Le Poitou secret
Huit heures et nous sommes prêts à partir. Depuis
plusieurs années nous devions le faire mais comme toute chose facile à mettre en œuvre, on reporte. On se penche toujours sur ce qui nous parait être plus riche en découvertes, en rencontres et
en insolite, plutôt que de voir ce que l’on pense connaître car c’est le décor où l’on vit quotidiennement.

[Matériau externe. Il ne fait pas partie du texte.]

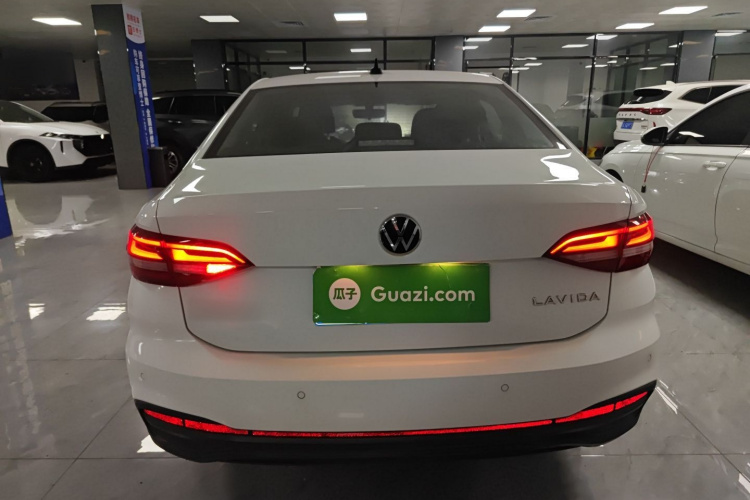 大众 朗逸 2023款 1.5L 自动得逸版车身外观6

Dans le cadre de la préparation à nos grandes randonnées, nous avons décidé de faire une petite
randonnée permanente locale, proposée par notre ami Jean-Pierre Poteau président du club cyclotouriste de Vasles en Deux-Sèvres. Son nom est très évocateur « A la découverte du Poitou
secret ». Longue de 120 kilomètres, elle va de Poitiers au cœur du Poitou, à Coulon au cœur du marais poitevin, en passant par la Gâtine et le pays de Parthenay.
Pour nous afin de pouvoir découvrir ce que nous n’avons pas vu sur ces routes que nous
empruntons régulièrement en voiture, nous avons décidé de faire le voyage sur deux jours.
Ce matin nous quittons Saint Benoit par un temps ensoleillé mais encore frais, direction
Vouneuil-sous-Biard. Commune de la périphérie de Poitiers, malgré une expansion en trois zones distinctes, le centre bourg, au nord Pouziou la Jarrie et au sud, Précharaud les deux Mazais, elle à
su conserver son caractère particulier et les traces de sa ruralité. Deux églises au bourg et à la Jarrie, un pigeonnier et un four à pain propriétés communales au nord, au centre, un lavoir, une
chapelle, un moulin, une fontaine et plusieurs calvaires de mission, au sud, l’aqueduc de Fleury du XIXe a remplacé l’ancien aqueduc gallo romain qui alimentait Poitiers.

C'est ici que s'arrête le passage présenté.